→ Information
—————

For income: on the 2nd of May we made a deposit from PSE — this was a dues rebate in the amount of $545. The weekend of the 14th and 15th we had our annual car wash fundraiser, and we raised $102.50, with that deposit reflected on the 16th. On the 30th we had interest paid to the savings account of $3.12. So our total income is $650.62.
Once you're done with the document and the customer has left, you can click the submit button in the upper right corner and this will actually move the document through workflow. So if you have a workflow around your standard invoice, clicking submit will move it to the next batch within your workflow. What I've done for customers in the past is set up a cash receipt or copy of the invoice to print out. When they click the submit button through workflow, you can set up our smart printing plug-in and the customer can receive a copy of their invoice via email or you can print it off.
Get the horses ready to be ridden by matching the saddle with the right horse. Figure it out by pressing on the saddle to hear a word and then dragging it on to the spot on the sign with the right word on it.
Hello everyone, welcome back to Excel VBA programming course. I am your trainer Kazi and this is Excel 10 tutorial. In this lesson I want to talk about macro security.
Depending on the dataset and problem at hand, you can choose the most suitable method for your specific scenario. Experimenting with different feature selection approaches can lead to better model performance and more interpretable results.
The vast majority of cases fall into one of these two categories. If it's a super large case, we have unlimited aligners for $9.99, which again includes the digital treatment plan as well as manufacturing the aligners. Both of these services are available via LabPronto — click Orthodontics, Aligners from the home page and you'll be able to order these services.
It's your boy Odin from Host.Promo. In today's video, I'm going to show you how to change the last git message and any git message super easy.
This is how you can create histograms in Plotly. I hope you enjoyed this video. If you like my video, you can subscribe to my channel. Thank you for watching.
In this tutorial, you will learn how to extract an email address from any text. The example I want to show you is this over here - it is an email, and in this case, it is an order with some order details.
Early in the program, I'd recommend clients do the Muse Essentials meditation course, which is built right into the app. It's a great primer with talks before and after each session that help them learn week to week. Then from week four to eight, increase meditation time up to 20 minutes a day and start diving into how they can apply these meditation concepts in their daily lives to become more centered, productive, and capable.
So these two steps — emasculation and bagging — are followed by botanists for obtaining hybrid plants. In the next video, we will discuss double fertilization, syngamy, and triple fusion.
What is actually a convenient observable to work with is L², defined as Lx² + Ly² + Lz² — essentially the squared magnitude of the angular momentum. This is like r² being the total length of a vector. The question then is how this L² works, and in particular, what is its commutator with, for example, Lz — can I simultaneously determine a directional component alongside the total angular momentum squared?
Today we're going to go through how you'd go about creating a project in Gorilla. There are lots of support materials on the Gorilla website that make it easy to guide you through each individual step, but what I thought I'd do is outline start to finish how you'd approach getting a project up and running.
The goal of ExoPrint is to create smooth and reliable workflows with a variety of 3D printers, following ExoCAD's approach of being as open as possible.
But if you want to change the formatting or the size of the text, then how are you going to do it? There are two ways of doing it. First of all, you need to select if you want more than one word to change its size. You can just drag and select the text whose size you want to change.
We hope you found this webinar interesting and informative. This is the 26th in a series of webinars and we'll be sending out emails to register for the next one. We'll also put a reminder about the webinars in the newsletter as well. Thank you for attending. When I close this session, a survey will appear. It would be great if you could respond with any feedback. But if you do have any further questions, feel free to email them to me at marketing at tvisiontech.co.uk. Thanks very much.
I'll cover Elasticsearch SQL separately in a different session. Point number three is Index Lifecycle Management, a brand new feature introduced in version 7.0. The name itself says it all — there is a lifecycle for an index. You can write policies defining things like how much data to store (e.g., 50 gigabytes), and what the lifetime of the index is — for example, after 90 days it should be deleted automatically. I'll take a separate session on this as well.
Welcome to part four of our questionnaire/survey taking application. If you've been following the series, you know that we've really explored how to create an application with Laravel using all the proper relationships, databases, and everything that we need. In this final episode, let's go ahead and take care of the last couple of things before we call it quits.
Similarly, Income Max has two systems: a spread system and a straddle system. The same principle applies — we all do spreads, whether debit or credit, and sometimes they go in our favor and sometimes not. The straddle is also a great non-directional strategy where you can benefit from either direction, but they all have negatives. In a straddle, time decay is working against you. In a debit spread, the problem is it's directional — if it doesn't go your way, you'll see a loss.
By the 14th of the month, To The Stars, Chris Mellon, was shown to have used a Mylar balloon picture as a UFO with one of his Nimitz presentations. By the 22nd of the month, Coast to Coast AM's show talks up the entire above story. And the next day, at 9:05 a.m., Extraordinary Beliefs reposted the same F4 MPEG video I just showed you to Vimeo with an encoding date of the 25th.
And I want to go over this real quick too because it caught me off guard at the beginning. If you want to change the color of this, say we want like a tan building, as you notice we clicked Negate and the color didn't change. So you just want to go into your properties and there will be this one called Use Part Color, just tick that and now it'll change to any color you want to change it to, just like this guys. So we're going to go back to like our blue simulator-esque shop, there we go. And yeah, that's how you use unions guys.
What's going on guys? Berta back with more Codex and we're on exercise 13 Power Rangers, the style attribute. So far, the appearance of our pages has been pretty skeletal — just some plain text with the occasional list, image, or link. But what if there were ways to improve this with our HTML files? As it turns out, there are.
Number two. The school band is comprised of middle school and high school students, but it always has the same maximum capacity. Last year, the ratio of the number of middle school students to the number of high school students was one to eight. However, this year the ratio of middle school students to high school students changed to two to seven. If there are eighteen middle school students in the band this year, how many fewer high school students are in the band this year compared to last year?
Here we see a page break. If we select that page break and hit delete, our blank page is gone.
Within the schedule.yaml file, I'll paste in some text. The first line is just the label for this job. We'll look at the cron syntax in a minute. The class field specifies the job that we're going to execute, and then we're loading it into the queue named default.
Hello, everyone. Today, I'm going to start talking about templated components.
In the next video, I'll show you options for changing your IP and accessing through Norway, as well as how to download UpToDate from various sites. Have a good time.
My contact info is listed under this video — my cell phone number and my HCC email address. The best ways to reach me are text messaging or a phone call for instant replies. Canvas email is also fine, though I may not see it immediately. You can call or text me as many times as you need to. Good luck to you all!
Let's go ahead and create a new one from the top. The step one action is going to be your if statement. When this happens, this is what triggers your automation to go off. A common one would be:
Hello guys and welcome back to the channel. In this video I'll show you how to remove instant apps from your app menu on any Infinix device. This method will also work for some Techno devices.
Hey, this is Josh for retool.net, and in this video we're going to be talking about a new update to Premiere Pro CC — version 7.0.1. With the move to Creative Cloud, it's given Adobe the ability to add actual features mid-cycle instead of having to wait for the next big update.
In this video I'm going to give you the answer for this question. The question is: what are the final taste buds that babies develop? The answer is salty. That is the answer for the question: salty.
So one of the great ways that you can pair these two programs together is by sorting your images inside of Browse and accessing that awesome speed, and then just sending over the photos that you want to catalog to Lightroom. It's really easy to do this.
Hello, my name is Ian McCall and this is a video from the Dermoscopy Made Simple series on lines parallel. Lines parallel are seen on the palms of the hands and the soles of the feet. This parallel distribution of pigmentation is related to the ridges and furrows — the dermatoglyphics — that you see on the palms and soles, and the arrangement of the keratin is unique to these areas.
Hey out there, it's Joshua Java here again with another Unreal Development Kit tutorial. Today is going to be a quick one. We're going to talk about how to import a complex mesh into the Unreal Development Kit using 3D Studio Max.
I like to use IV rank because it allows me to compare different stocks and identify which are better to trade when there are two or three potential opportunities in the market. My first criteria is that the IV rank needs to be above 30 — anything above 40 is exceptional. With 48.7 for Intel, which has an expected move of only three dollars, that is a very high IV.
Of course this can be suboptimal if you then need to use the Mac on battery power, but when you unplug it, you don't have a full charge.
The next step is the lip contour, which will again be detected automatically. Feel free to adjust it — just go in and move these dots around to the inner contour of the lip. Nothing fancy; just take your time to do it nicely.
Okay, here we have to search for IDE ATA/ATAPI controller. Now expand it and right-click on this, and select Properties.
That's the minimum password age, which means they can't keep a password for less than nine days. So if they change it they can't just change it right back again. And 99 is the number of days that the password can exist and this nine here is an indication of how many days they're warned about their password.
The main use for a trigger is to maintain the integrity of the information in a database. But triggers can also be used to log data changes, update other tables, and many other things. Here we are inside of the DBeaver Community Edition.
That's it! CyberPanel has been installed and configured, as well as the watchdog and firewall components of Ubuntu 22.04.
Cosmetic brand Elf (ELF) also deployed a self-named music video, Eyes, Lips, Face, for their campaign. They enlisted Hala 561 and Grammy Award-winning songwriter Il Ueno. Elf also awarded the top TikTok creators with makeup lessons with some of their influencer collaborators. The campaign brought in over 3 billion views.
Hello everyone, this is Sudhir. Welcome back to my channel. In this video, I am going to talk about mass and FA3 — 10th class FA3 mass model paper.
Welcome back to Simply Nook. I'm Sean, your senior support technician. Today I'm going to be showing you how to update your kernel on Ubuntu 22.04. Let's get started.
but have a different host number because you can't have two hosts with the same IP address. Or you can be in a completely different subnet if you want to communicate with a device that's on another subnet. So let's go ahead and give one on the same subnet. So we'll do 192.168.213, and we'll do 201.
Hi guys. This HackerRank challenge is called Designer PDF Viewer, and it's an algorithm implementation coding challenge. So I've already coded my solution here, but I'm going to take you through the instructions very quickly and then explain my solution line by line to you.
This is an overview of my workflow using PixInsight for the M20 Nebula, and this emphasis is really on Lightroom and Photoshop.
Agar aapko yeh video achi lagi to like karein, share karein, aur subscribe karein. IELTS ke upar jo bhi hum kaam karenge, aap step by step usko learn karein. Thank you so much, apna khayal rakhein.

—————

→ Try it
Among the lines above, list those that contain the word "channel".

→ Result of this task
This is how you can create histograms in Plotly. I hope you enjoyed this video. If you like my video, you can subscribe to my channel. Thank you for watching.
Hello guys and welcome back to the channel. In this video I'll show you how to remove instant apps from your app menu on any Infinix device. This method will also work for some Techno devices.
Hello everyone, this is Sudhir. Welcome back to my channel. In this video, I am going to talk about mass and FA3 — 10th class FA3 mass model paper.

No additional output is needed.